→ Your assignment
Although the data below contains pictures, please reproduce only its words, exactly.

→ Dataset content
◆ ◆ ◆ ◆ ◆ ◆ ◆

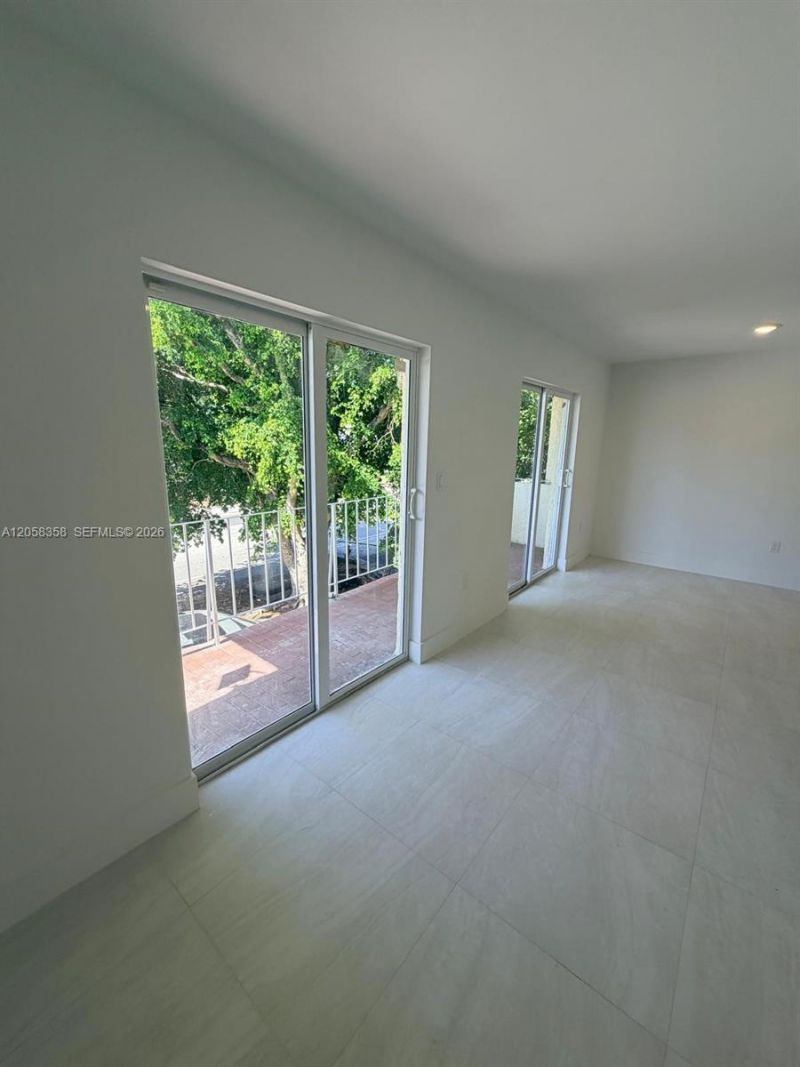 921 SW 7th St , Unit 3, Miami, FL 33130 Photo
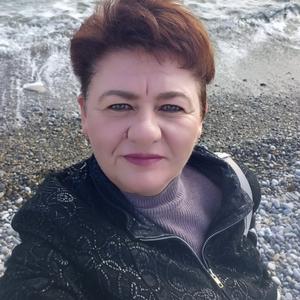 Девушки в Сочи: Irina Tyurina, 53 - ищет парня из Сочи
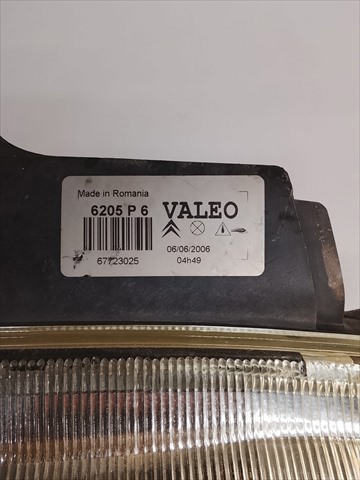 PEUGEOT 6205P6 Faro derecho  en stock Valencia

◆ ◆ ◆ ◆ ◆ ◆ ◆

→ Exercise result
 921 SW 7th St , Unit 3, Miami, FL 33130 Photo
 Девушки в Сочи: Irina Tyurina, 53 - ищет парня из Сочи
 PEUGEOT 6205P6 Faro derecho  en stock Valencia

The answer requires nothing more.